→ GOAL OF THE EXERCISE: Only the lines from the line containing "Maranta silver black maranta macan" to the end of the material belong in the copy; set them down exactly, without pictures.

####################

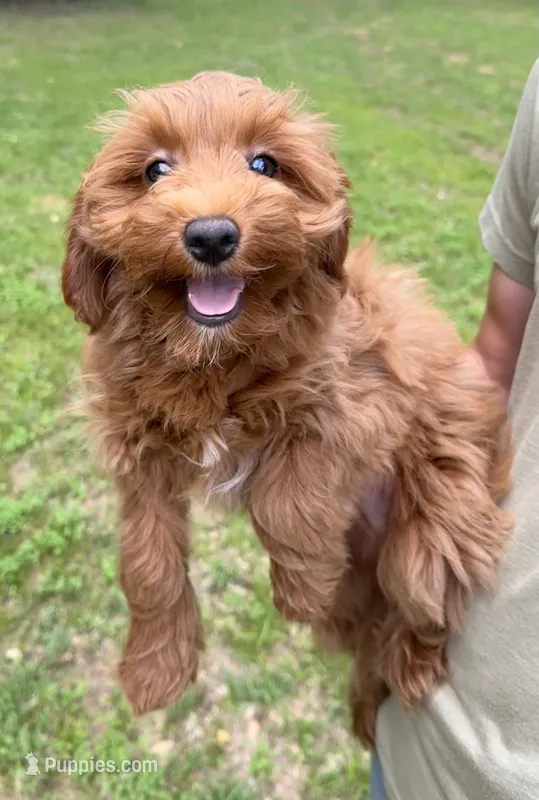 Toy Girl – Cavapoo, Cavalier King Charles Spaniel puppy for sale in Ozark, AR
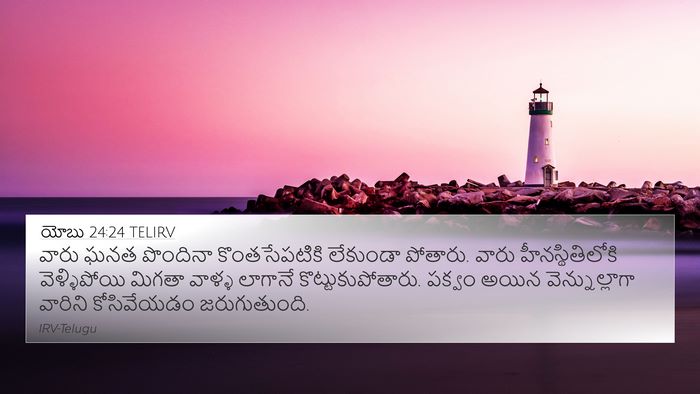 యోబు 24:24 TELIRV Bible Verse Image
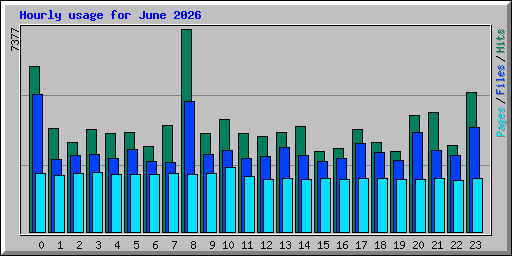 Hourly usage for June 2026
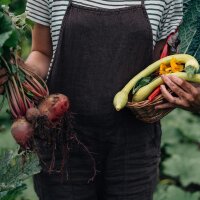 Verduras trepadoras - Kit de semillas regalo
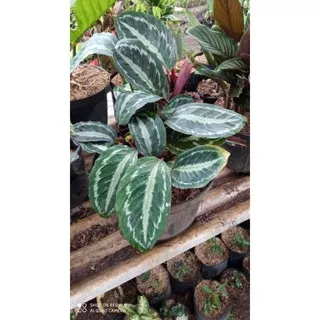 Maranta silver black maranta macan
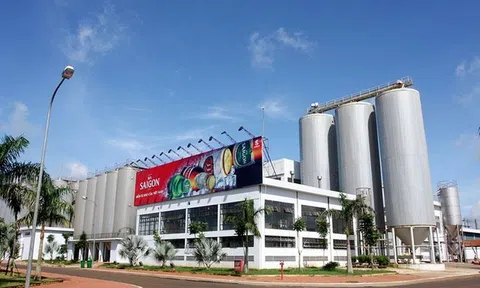 Bia Sài Gòn - Miền Trung (SMB) sắp chi 60 tỷ đồng, Sabeco chuẩn bị nhận về hàng chục tỷ cổ tức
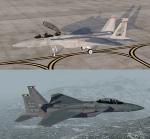 FSX/P3D Iris F-15D package FSX native USAF Pack 1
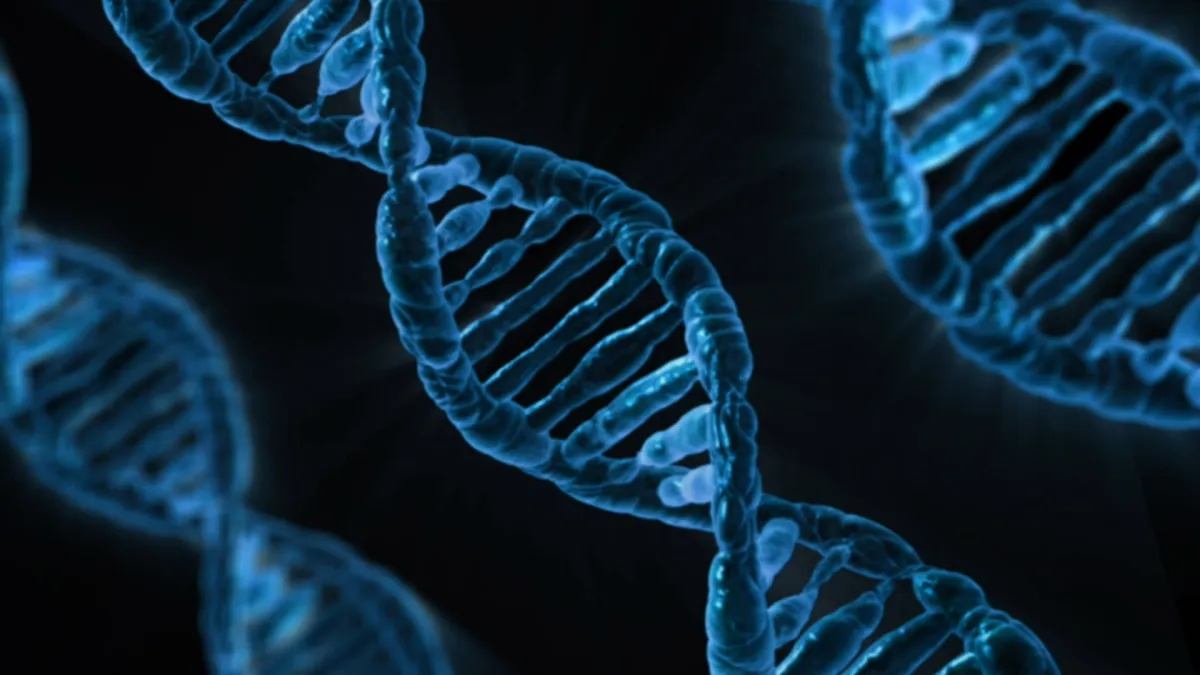 CRISPR : Une Promesse de Guérison pour la Drépanocytose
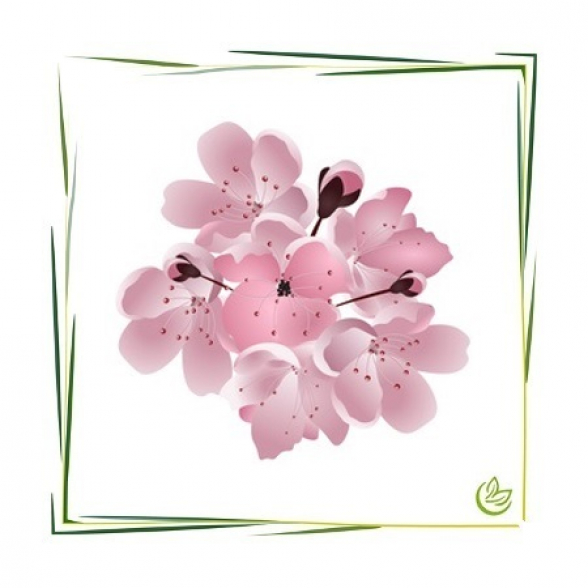Parfümöl Cherry Blossom 500 ml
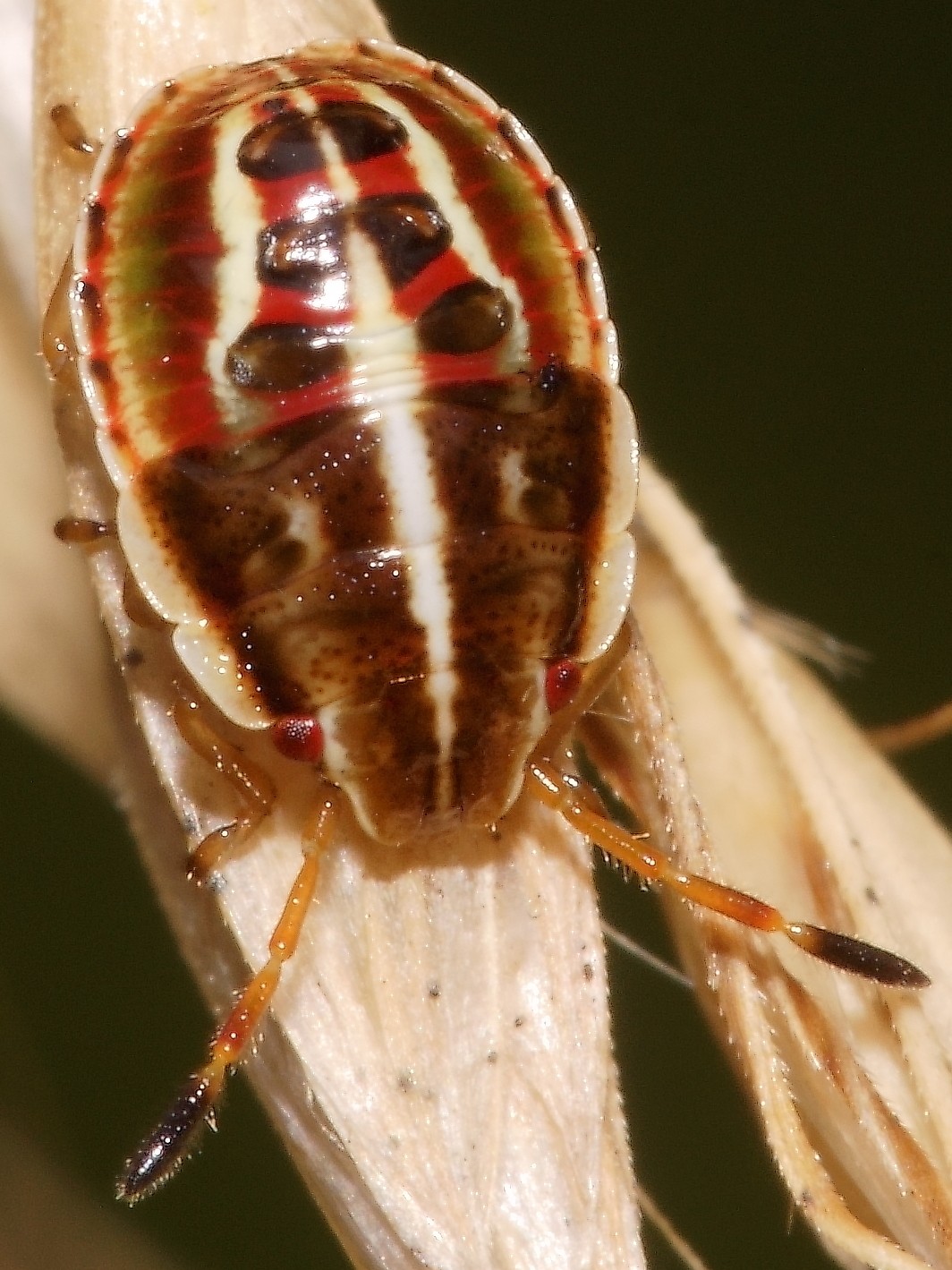 Rhopalimorpha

####################

→ OUTPUT OF THE TASK:
 Maranta silver black maranta macan
 Bia Sài Gòn - Miền Trung (SMB) sắp chi 60 tỷ đồng, Sabeco chuẩn bị nhận về hàng chục tỷ cổ tức
 FSX/P3D Iris F-15D package FSX native USAF Pack 1
 CRISPR : Une Promesse de Guérison pour la Drépanocytose
Parfümöl Cherry Blossom 500 ml
 Rhopalimorpha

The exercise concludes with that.